Using the entries below, copy exactly each line from the line with "Sedie laterali con ghirlanda d'arte francese" up to and including the line with "Abaya de Luxe", with every picture left out.

Records provided:
====================

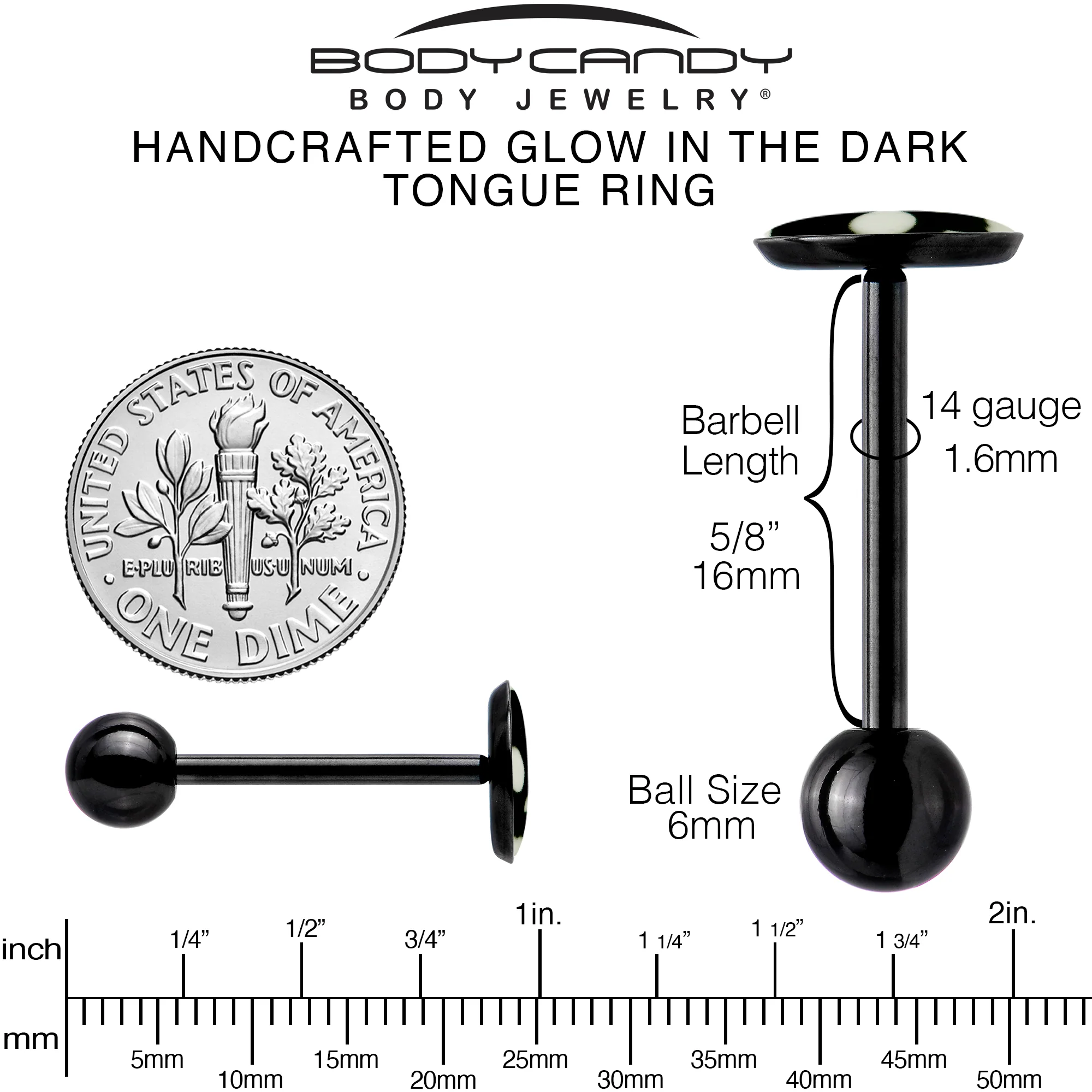 Glow in the Dark Black Anodized Simple Skull Barbell Tongue Ring by Onyx O - Image 7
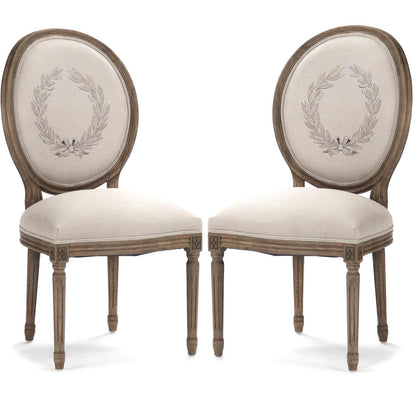 Sedie laterali con ghirlanda d'arte francese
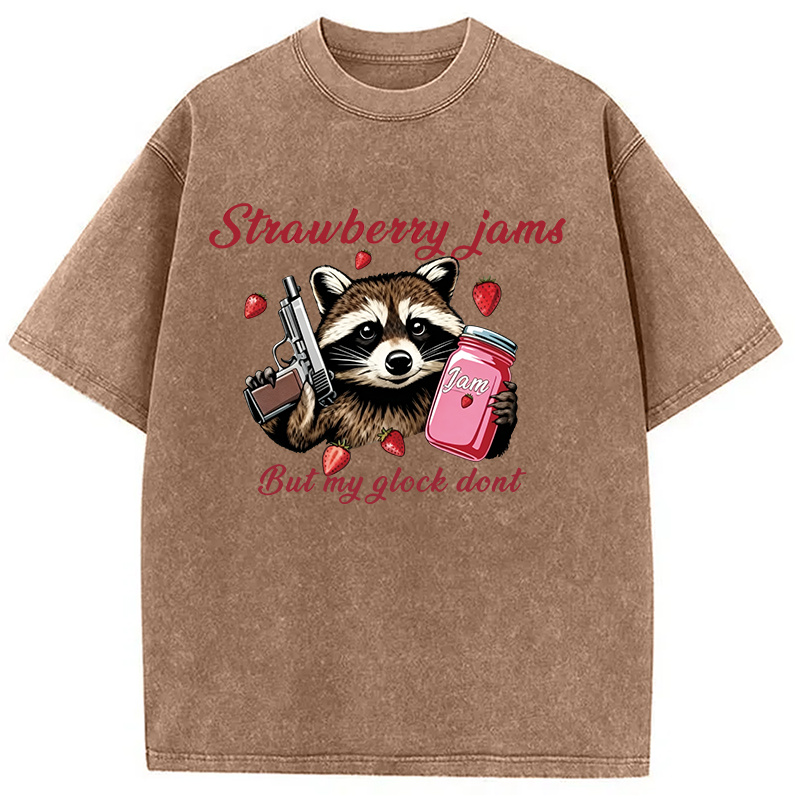 Modecanvas Strawberry Jams Raccoon DTG Printing Washed T-Shirt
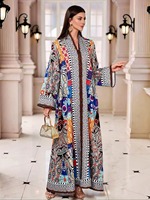 Abaya de Luxe pour Femmes Modestes de Dubaï, en Polyester de Haute Qualité, Tissu Confortable et Respirant, Motif Floral, Col en V, Strass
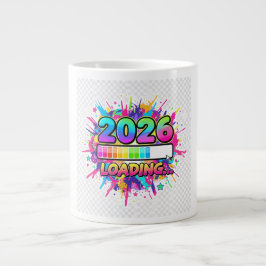 2026 Laden... Voortgangsbalk Sticker Grote Koffiekop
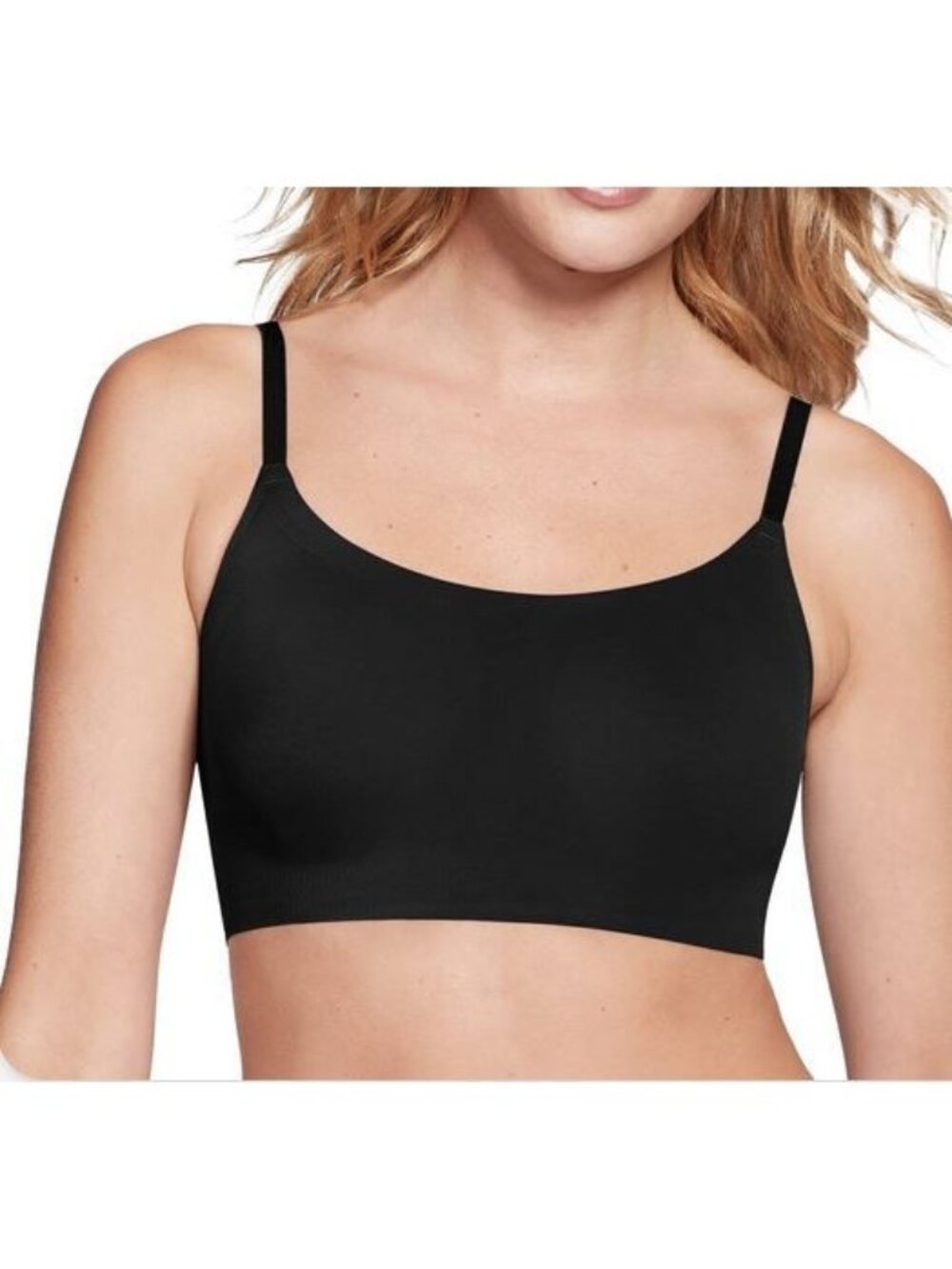 True & Co Womens Black Wire-Free Skinny Strap Ballet Bralette XS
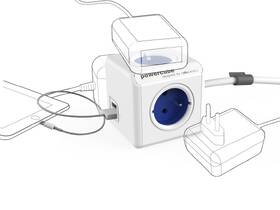 Kabel prodlužovací Powercube USB, 4x zásuvka, 2x USB, 1,5m bílý/modrý

 obrázek produktu 5 z 5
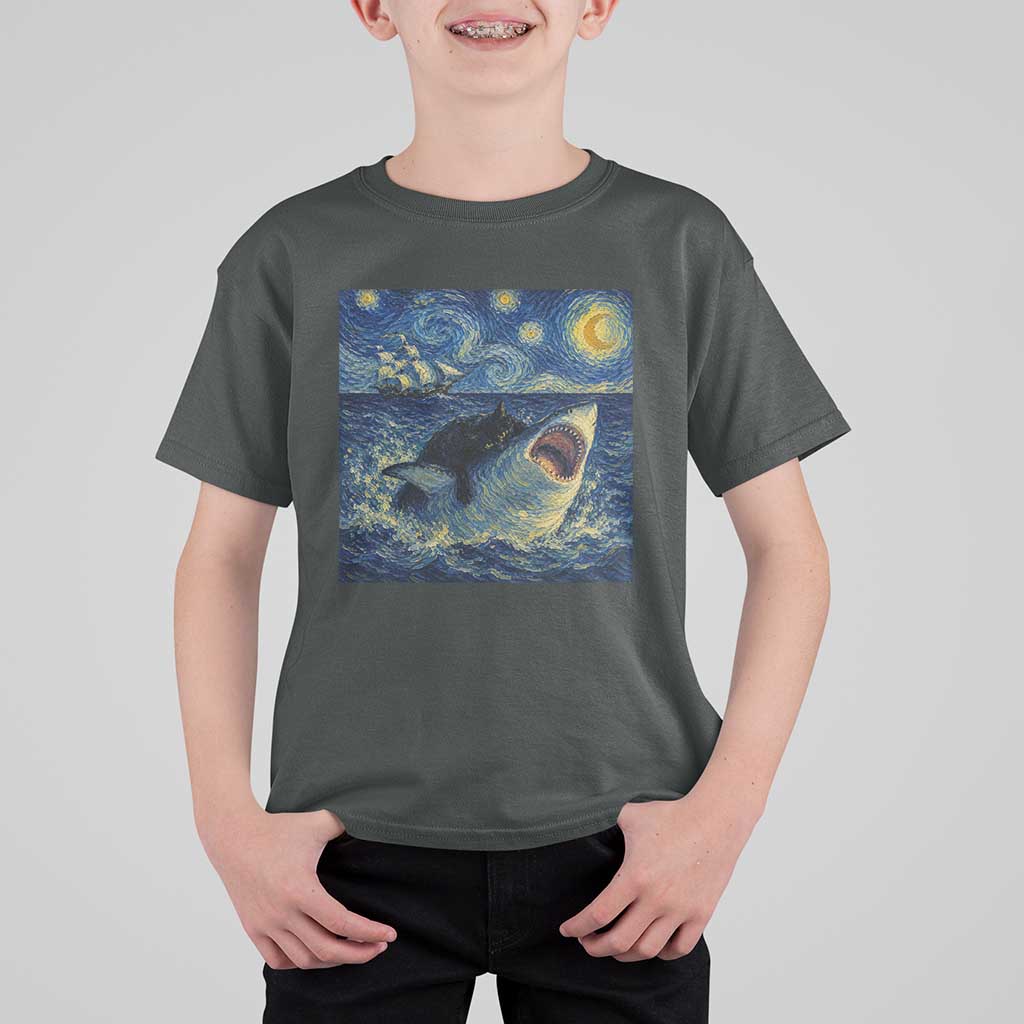 Funny Cat Biting Shark Starry Night Inspired Art T Shirt For Kid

====================

Result of this task:
 Sedie laterali con ghirlanda d'arte francese
 Modecanvas Strawberry Jams Raccoon DTG Printing Washed T-Shirt
 Abaya de Luxe pour Femmes Modestes de Dubaï, en Polyester de Haute Qualité, Tissu Confortable et Respirant, Motif Floral, Col en V, Strass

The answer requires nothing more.